In Lucy and Desi, Lucille Ball explains that she and Desi really wanted a family. Their show was already extremely successful when Lucy found out she was pregnant with her second child. In the ’50s, you weren’t supposed to mention pregnancy on TV. She wanted to say, “I feel like a pregnant goose.” The network wanted her to say, “I feel like an expectant swan.”
Like Lucille Ball, I fell foul of the rules around pregnancy and motherhood in the professional world. At my solo show, Rattles and Cherries and a few other films played on a large screen in the gallery space. I was getting a good response. I sold some videos. Then the show was reviewed by a very reputable female art critic. She always came across as a feminist to me and I admired her for that. When the review came out, I was so happy she’d even written about it. I read the review, the last line of which said, “Keep the kid out of the picture.” I found myself questioning feminism, questioning motherhood, questioning the art world. Was feminism defined as being like a man, rather than a woman? According to this critic, a woman who was a mother couldn’t be an artist or a professional or anything but a mother. Like Lucy, I wanted a family and I wanted to make my work. I tried to mix it all together so that would be possible. The art world wasn’t ready for that.
Lucy and Desi renewed my appreciation for the Lucy spirit.
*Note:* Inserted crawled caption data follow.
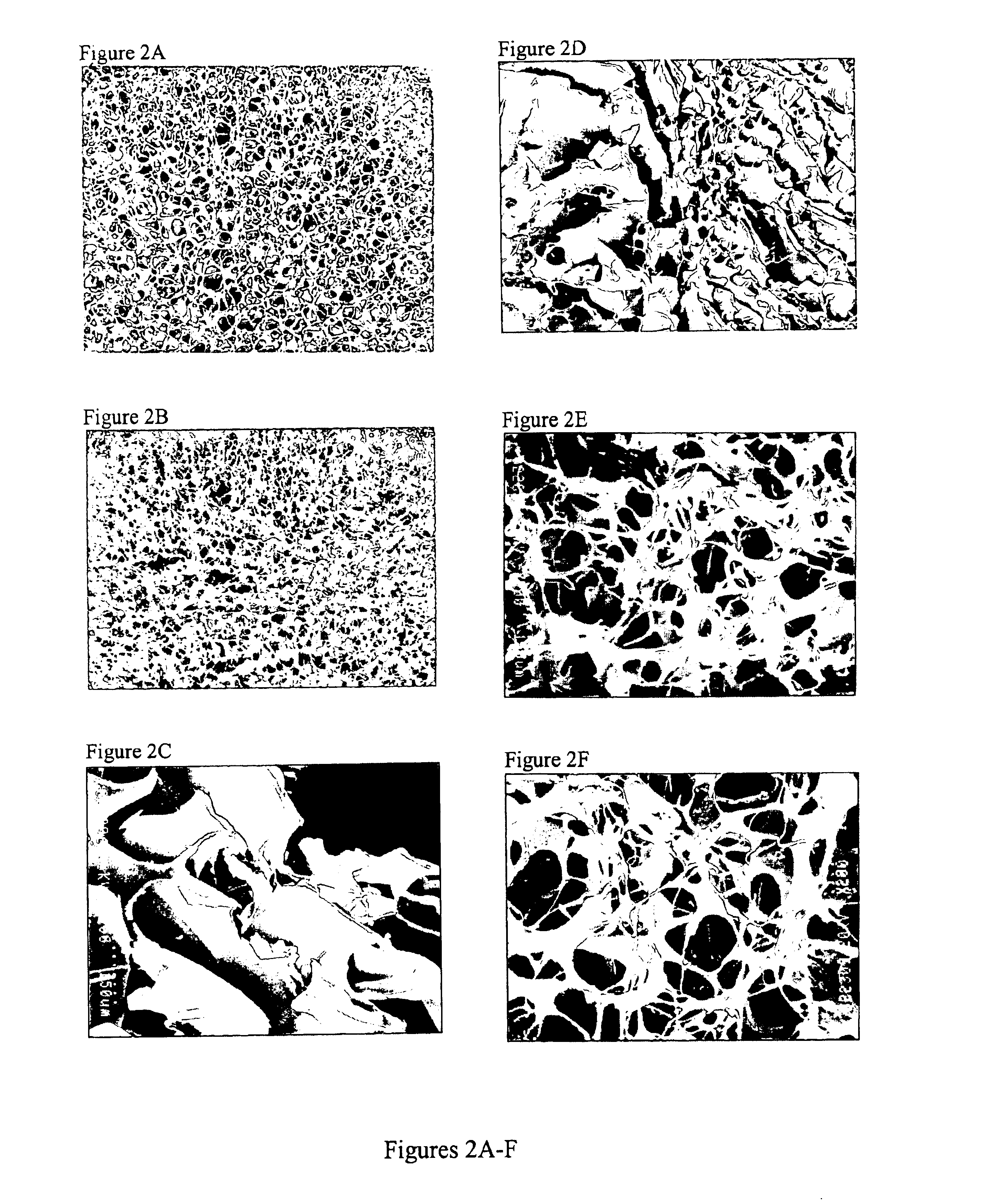 Chemically activated carboxypolysaccharides and methods for use to inhibit adhesion formation and promote hemostasis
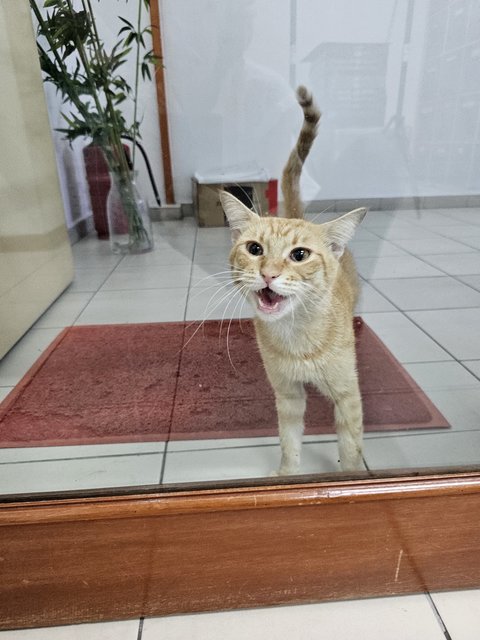 Gingery Boyboy - Tabby Cat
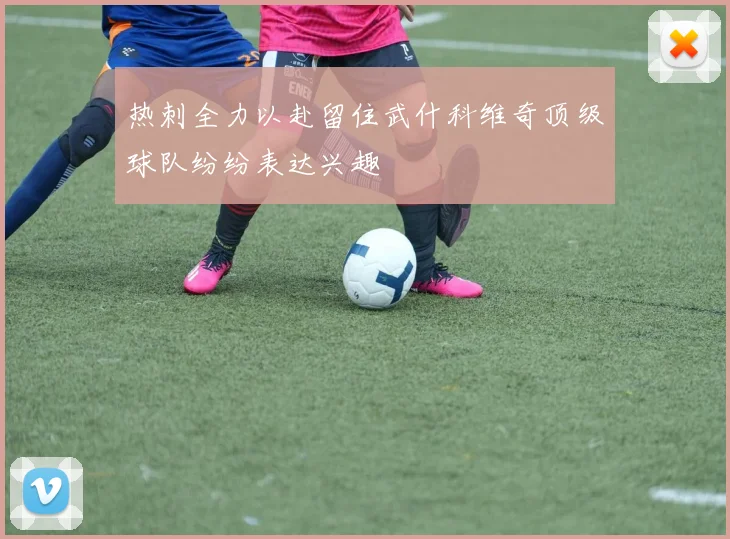 热刺全力以赴留住武什科维奇顶级球队纷纷表达兴趣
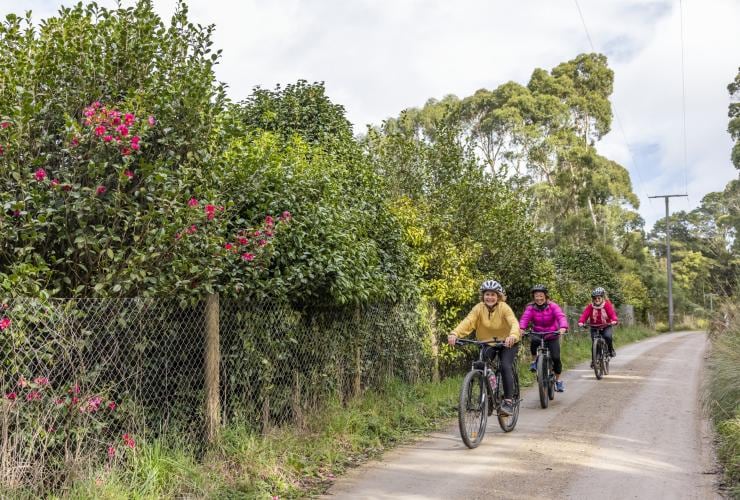 A group of people riding bikes alongside lush green trees during a tour with Cycling Vine Tours, Mornington Peninsula, Victoria © Tourism Australia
Lucille Ball made a show that challenged traditional ways. It helped to liberate women, but it also confirmed that women could have families and make exceptional work. The character of Lucy offered girls a new type of role model. She also gave female performers the permission to be outrageous, silly and wild. In the years that followed my solo show, I opened that trailer door that says “Lucy.” I stepped in. (I never knew it was a bathroom.) I might not be playing Lucy in a biopic, but I’ll carry her spirit with me in all that I do.
In Lucy and Desi, Lucille Ball says: “How do you make a star? You don’t necessarily go out and find someone wearing a sweater sitting in a soda fountain. That’s a Cinderella story. I prefer to find a trooper, people who know what to do when they’re given a great opportunity and they don’t take advantage take advantage take advantage. Show business means that the show must go on. The show comes first, instead of your personality. All of these things can be applied at home just as easily as it can to your work and it’s something I would like to expand on later.” I feel like the “later” is now, as so many women become professionals but still want to be mothers. It does take a trooper to stay the course. I try to be a trooper both in my art work and with my family. We can’t give up. Our show must go on!